Blog post: https://www.tqdev.com/2026-github-export-open-source-maintenance-ai/

Usage

The core subcommands are sync (GitHub → SQLite) and export (SQLite → markdown). Running with no subcommand defaults to sync. On top of the store sit a GitHub-compatible HTTP API (serve), an MCP server (mcp), a gh api work-alike (api), and native read subcommands (issue/pr/search/release).

export GITHUB_TOKEN=$(gh auth token)

# 1. Sync into ./github.sqlite (the source of truth)
./github-export sync [flags] [owner/repo]

# 2. Render markdown from the database into ./github-data/ when you want it
./github-export export [--out github-data]

owner/repo is resolved from, in order: the argument, the existing database, or the origin git remote of the current directory — so inside a checked-out GitHub repo you can just run github-export with no arguments. On the first run all data is fetched; on later runs only issues and PRs updated since the last sync are re-fetched (the synced_at cursor lives in the database).

export is one-way: it reads the database and writes files, never the reverse. The database, not the markdown, is authoritative.

Flags

sync: --max-age (see below), --db (database path, default github.sqlite). export: --db (database to read), --out (output directory, default github-data).

--max-age

--max-age=2y (also 6mo, 4w, 30d, 12h) only fetches issues/PRs/projects updated within this window — useful for the first sync of very large repos (cli/cli, kubernetes/kubernetes). It is a floor on the effective since: on later runs the more-recent synced_at recorded in the database takes over automatically, so you can leave the flag in your sync command. Months count as 30 days and years as 365 days (approximate, not calendar-correct).

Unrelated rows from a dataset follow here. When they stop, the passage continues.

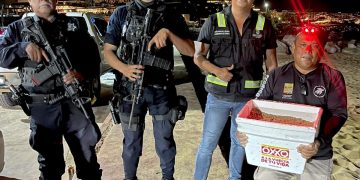 SEGURIDAD PÚBLICA DE LOS CABOS LOGRA DETENCIÓN A DOS MASCULINOS POR PRESUNTO ROBO A LUGAR CERRADO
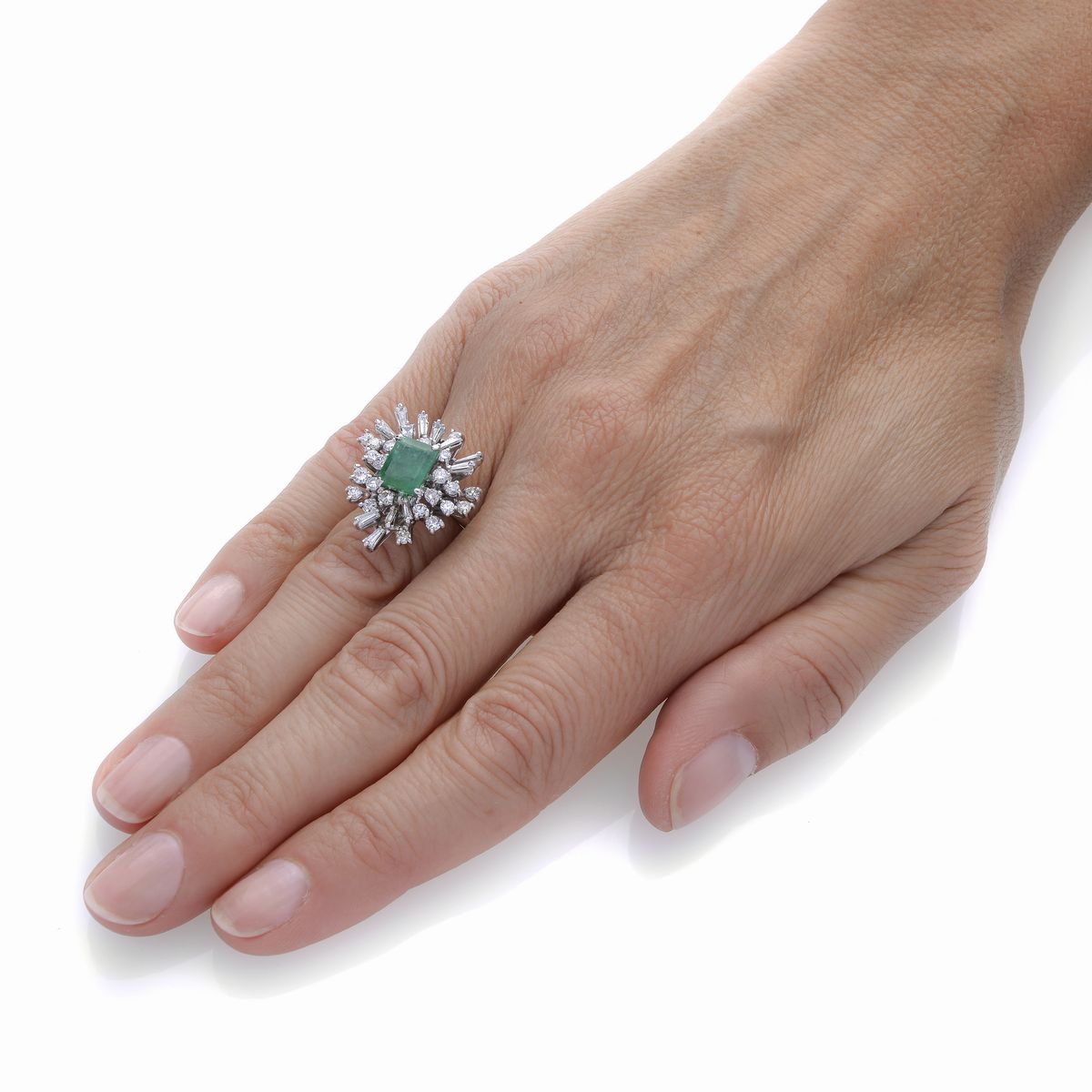 Anello in oro bianco, diamanti e smeraldo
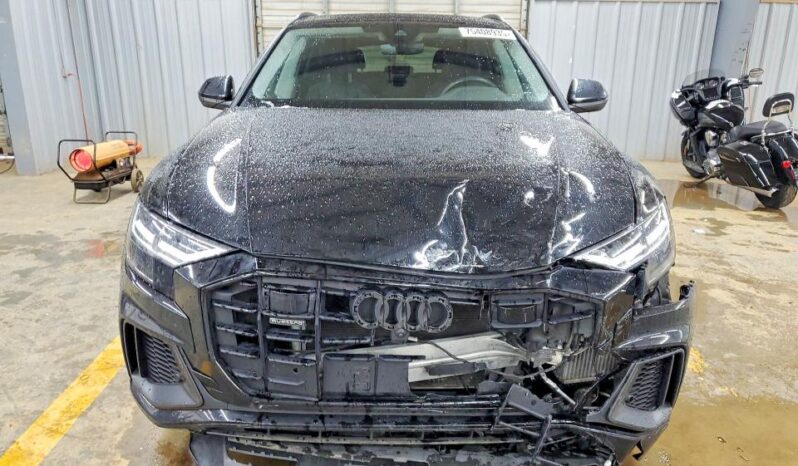 
								2022 Audi Q8 full									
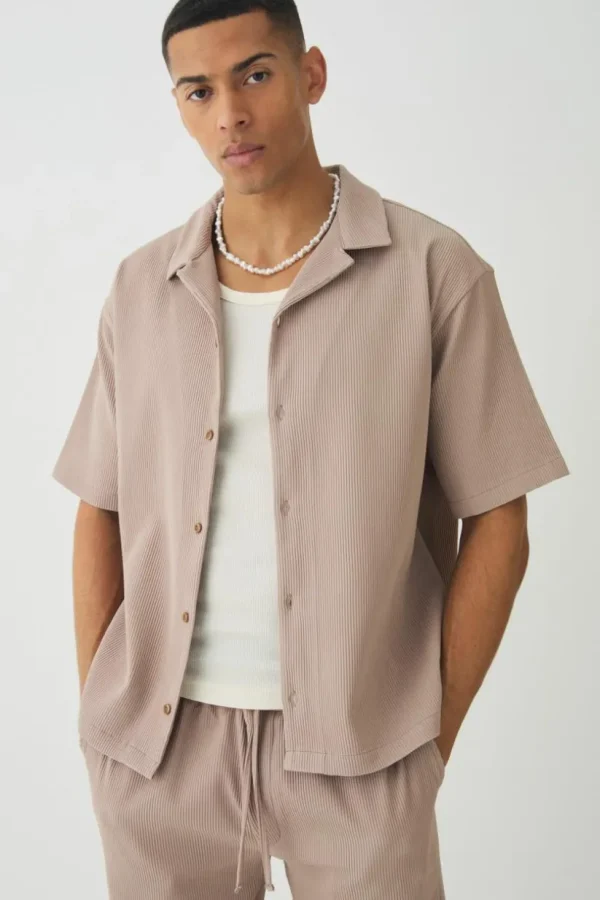 boohooMAN Pleated Short Sleeve Oversized Boxy Shirt | Shirts | Going Out Shirts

Serving the data (HTTP API, MCP, gh)

Once synced, the same store can be served three ways. All of them answer mirrored reads from SQLite (and repo content — files, commits, branches — from a local git clone), and transparently proxy anything unmirrored, plus every write, to api.github.com using the server's GITHUB_TOKEN. They bind localhost and trust local callers (clients present no token).

serve — GitHub-compatible HTTP API + OpenAPI

./github-export serve --addr localhost:8080
#   API docs:  http://localhost:8080/docs        (Redoc over the OpenAPI 3.1 spec)
#   Spec:      http://localhost:8080/openapi.yaml
#   Status:    http://localhost:8080/status       (freshness + per-entity counts)

Paths and JSON field names match GitHub's REST API, so you can point gh at it:

GH_HOST=localhost:8080 gh issue list      # served from SQLite, offline

Every mirrored response carries an X-GitHub-Export-Synced-At freshness header. Writes (and unmirrored reads) proxy to GitHub and then synchronously re-sync the touched entity, so a subsequent local read is immediately consistent. Use --proxy=off to run fully offline (writes/unmirrored reads then return 501).

Flags: --proxy on|off, --repo-path . (git clone for content endpoints), --git-fetch, --auto-sync 15m (background incremental sync), and --debug-compare (answer reads locally and remotely, diff, and log divergences; add --debug-compare-file to file deduplicated gap issues on mevdschee/github-export).

GraphQL (POST /graphql) is mirrored from SQLite for the common repository(owner,name) reads — issue/pullRequest/discussion, the issues/pullRequests/discussions connections (with first/after cursor pagination, states, totalCount, nodes/edges/pageInfo), nested author/labels/assignees/comments, and fragments/variables. The rule is strict: a query is served locally only if every requested field is one the mirror resolves correctly; the moment anything is unsupported (an unmapped field, a mutation, a repo we have not synced) the whole request is forwarded to api.github.com, so a response is never half-correct. Widening the covered field set is the main place this mirror grows.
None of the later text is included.